Flexible offices are attractive

Flexible offices attract a wide range of companies: start-ups, small businesses, but also multinational companies that expand into new markets, expand their activities in the region or establish development and training centers here. There are also companies that use flexible offices for specific teams or outsource part of their activities.

"Currently, we are registering an increased number of international companies entering the market of Central and Eastern Europe, including Prague. Instead of renting standard offices, they choose coworking spaces as their background. They are flexible in the length of the lease, offer high quality equipment and services, and at the same time are available practically immediately. In addition, they are located in modern administrative buildings meeting ESG criteria, which is crucial for many Western companies these days," explains Lenka Ferguson.

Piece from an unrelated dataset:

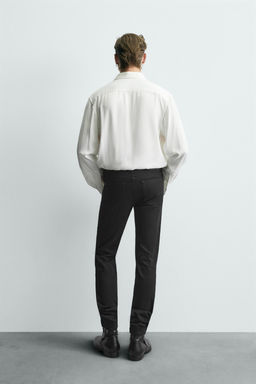 LIMITED EDITION SKINNY FIT JEANS - Zara фото 3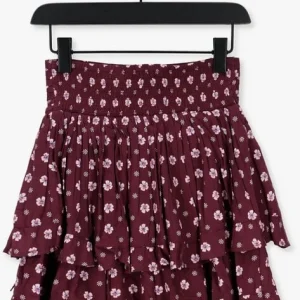 Retour gratuit en magasin. Scotch & Soda Mini-jupe 168090-22-fwgm-c89 Bordeaux 9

CBRE predicts that demand from operators will continue to grow in the coming months, but it will be hindered by two main obstacles in the domestic market: the limited construction of new office buildings in the metropolis and the politics of many office property owners. International coworking operators are used to a different approach and conditions from abroad. In London, for example, it is not at all possible to consider running an office building without an appropriate proportion of flexible offices run by a specialist operator.

"However, this is still not the custom in Central and Eastern Europe. It happens that when the owner decides to include flexible and coworking spaces in the project, he starts to operate them himself, without previous knowledge and experience in this specific field," says Ferguson.

Occupancy is increasing

From 2018 to the present, the most space was leased to operators in the city center (28,800 m2), the Pankráce-Budějovická area (23,400 m2) and in Karlín (18,800 m2). The occupancy of flexible offices and coworking spaces in the country is around 75%. In desirable Prague locations, such as Karlín or the city center, even from 85 to 100%, which are results above the European average.

The highest rents are achieved by operators on Národní trida and Na Příkopě Street, followed by Karlín. The monthly fee for a workplace in a separate office is 400 euros on average. Serviced offices in locations further from the center, which, however, still offer a high standard of equipment and services, start from 330 to 350 euros.

Providers of flexible offices in the CEE region actively adapt to the changing needs of companies and offer tailor-made solutions. "They focus on interesting design, collaborative rooms, and meeting rooms equipped with state-of-the-art audiovisual and communication technology. In addition, they organize various social and educational events for members, such as joint breakfasts, exercises and the like," concludes Lenka Ferguson.